◆ **Assignment**:
Please output exactly the lines from the one containing "Taburete se dirige" through the end of the records below, leaving out any pictures.

Start of Block

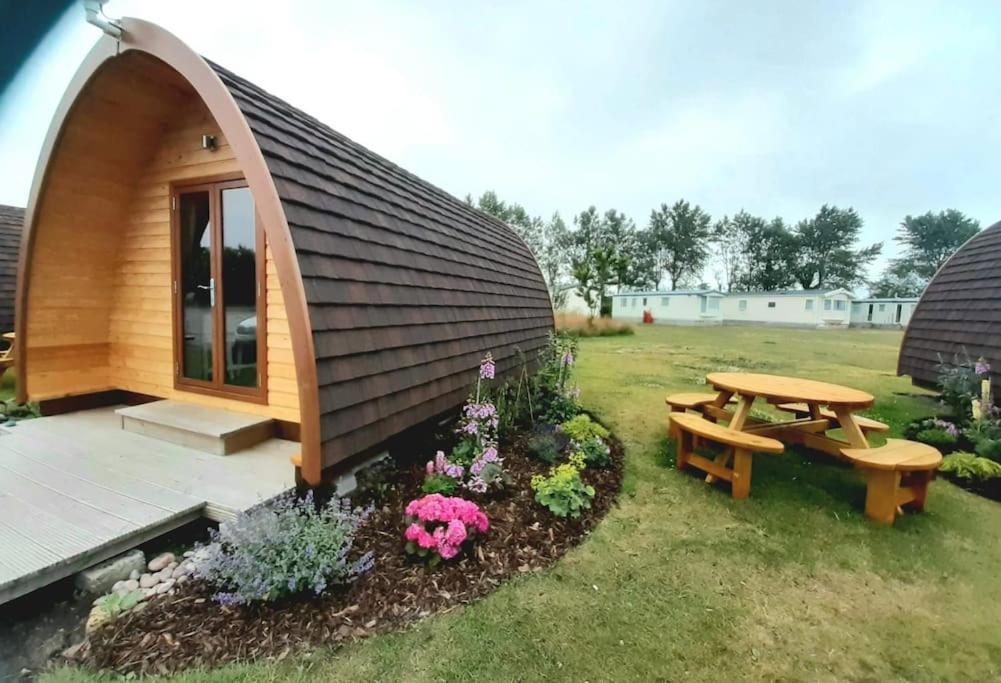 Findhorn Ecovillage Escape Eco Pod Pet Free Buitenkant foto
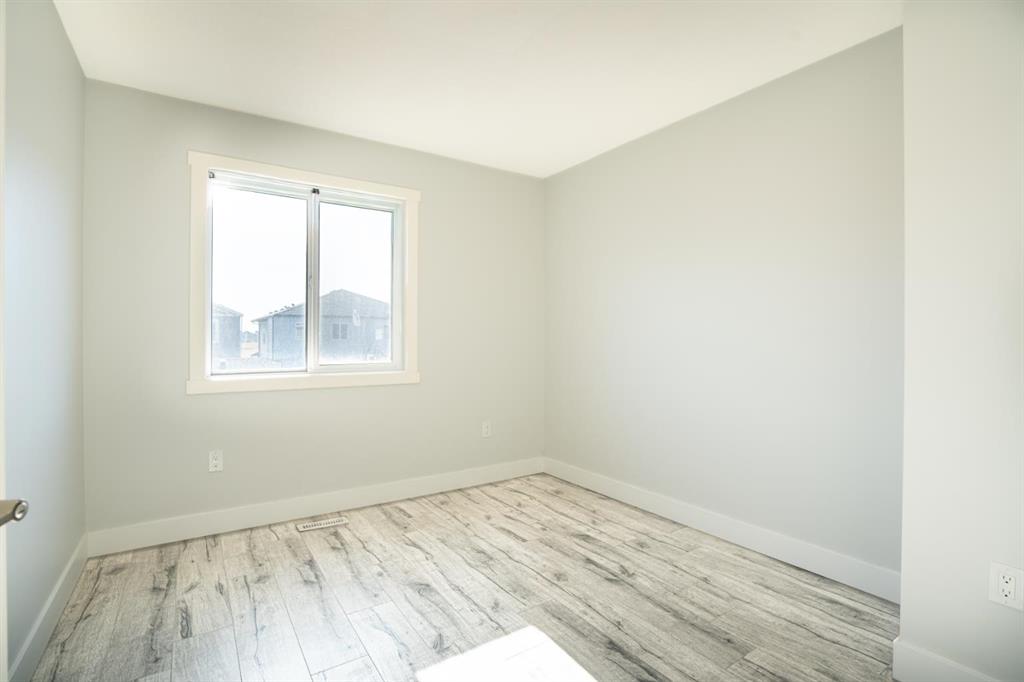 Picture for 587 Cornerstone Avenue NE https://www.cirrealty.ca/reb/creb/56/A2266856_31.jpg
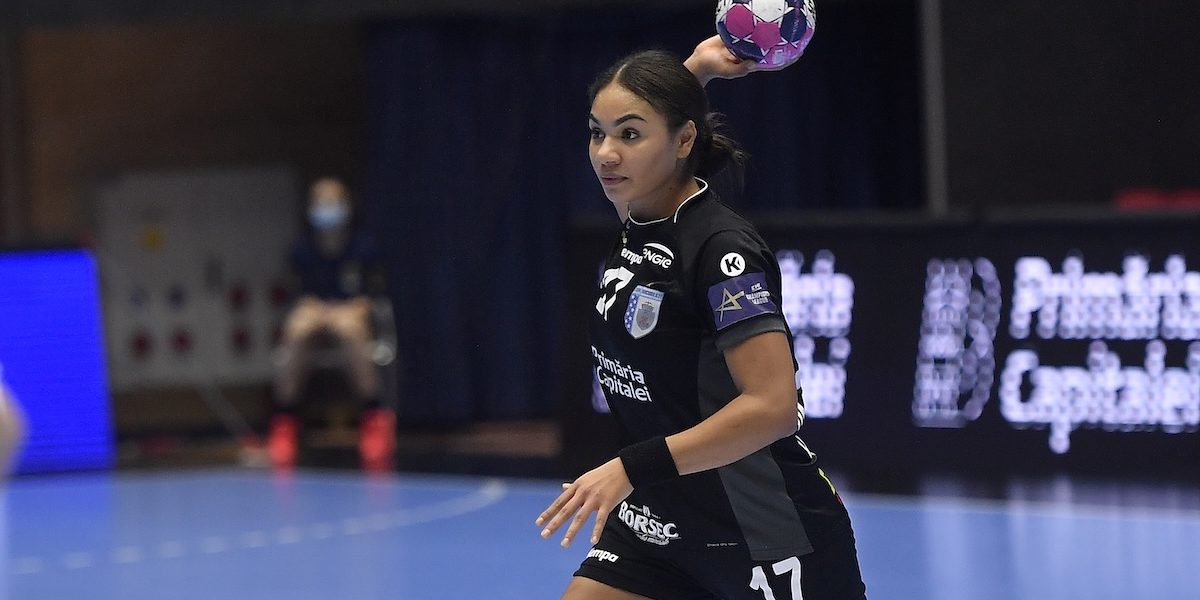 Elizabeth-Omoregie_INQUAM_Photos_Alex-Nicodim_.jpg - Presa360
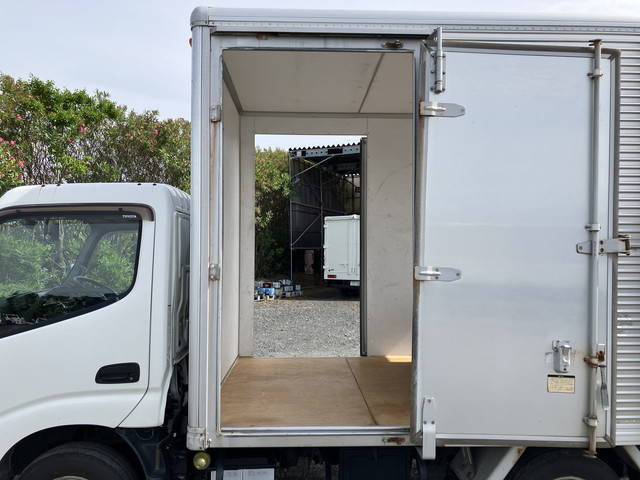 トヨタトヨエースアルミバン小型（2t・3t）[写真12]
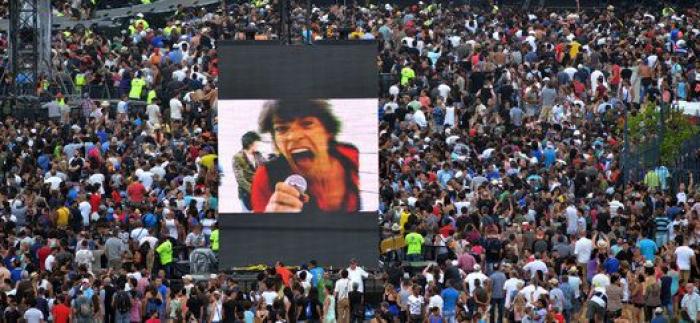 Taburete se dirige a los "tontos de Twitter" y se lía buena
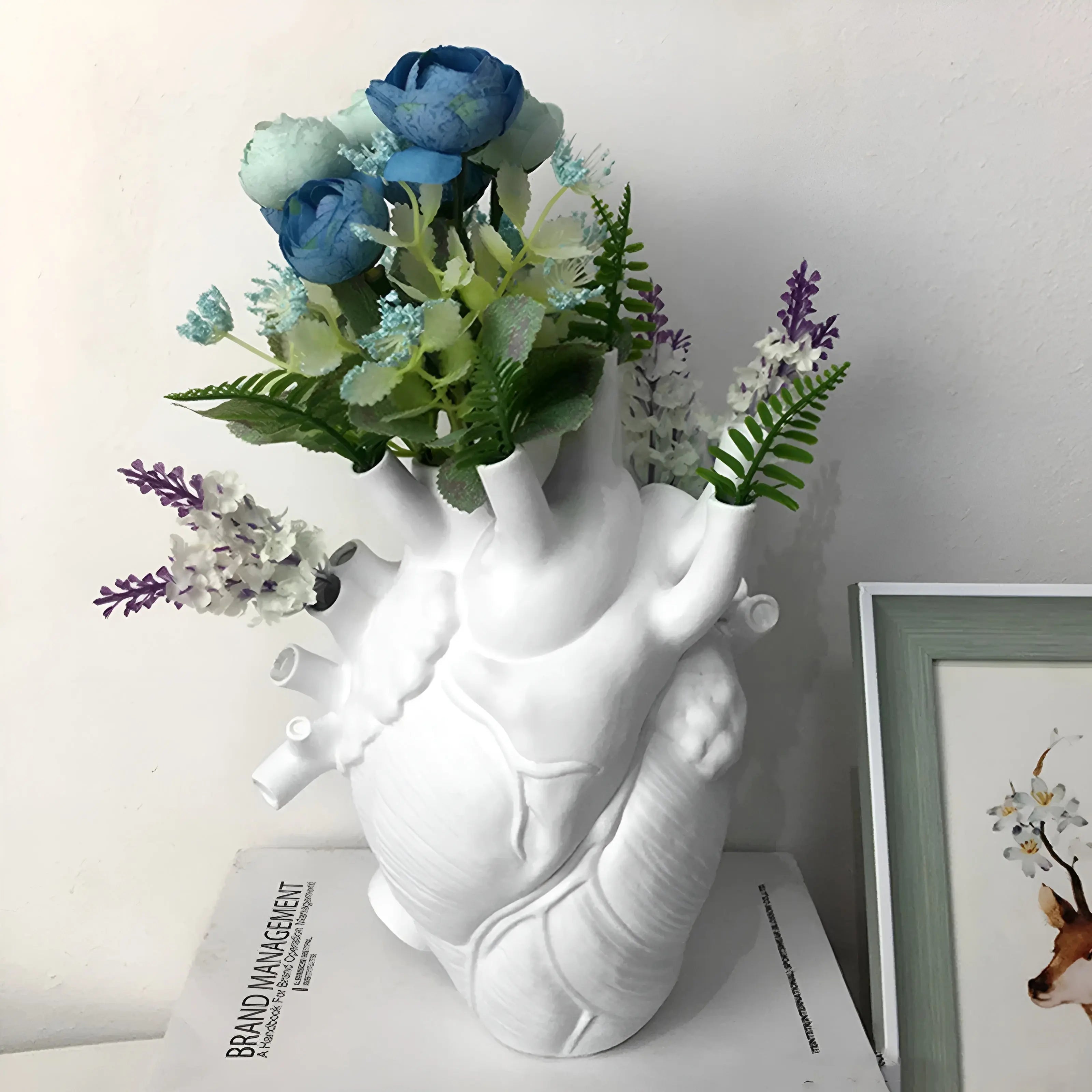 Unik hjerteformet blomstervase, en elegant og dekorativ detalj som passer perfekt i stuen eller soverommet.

End of Block

◆ **Written answer**:
 Taburete se dirige a los "tontos de Twitter" y se lía buena
 Unik hjerteformet blomstervase, en elegant og dekorativ detalj som passer perfekt i stuen eller soverommet.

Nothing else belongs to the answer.